__Source material__:

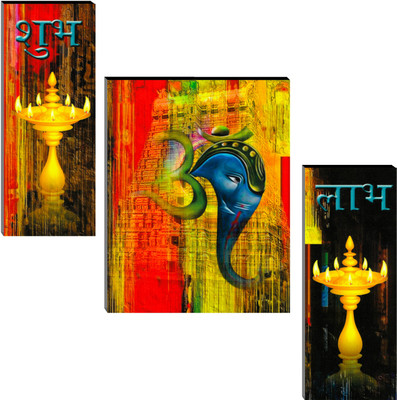 Indianara Set of 3 Lord Ganesha MDF Art Painting (2994FL) without glass (4.5 X 12, 9 X 12, 4.5 X 12 INCH) Digital Reprint 12 inch x 18 inch Painting(With Frame, Pack of 3)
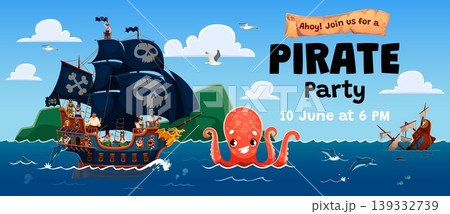 Kids pirate party flyer with corsairs sail ship and giant octopus kraken. Kids party flyer or horizontal banner with pirate warship with skulls on black sails, funny kraken sea monster character Kids pirate party flyer with corsairs sail ship and giant octopus kraken. Kids party flyer or horizontal banner with pirate warship with skulls on black sails, funny kraken sea monster character 139332739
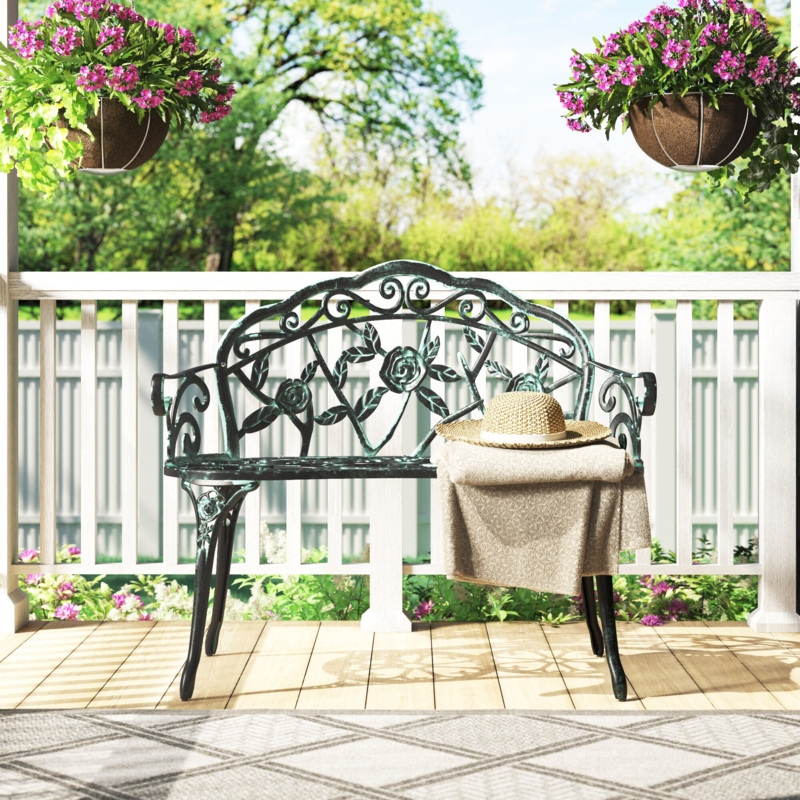 Floral Openwork Garden Bench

__Problem requirements__: All of the data is to be reproduced exactly, with the pictures left out.

__Response below__:
 Indianara Set of 3 Lord Ganesha MDF Art Painting (2994FL) without glass (4.5 X 12, 9 X 12, 4.5 X 12 INCH) Digital Reprint 12 inch x 18 inch Painting(With Frame, Pack of 3)
 Kids pirate party flyer with corsairs sail ship and giant octopus kraken. Kids party flyer or horizontal banner with pirate warship with skulls on black sails, funny kraken sea monster character Kids pirate party flyer with corsairs sail ship and giant octopus kraken. Kids party flyer or horizontal banner with pirate warship with skulls on black sails, funny kraken sea monster character 139332739
 Floral Openwork Garden Bench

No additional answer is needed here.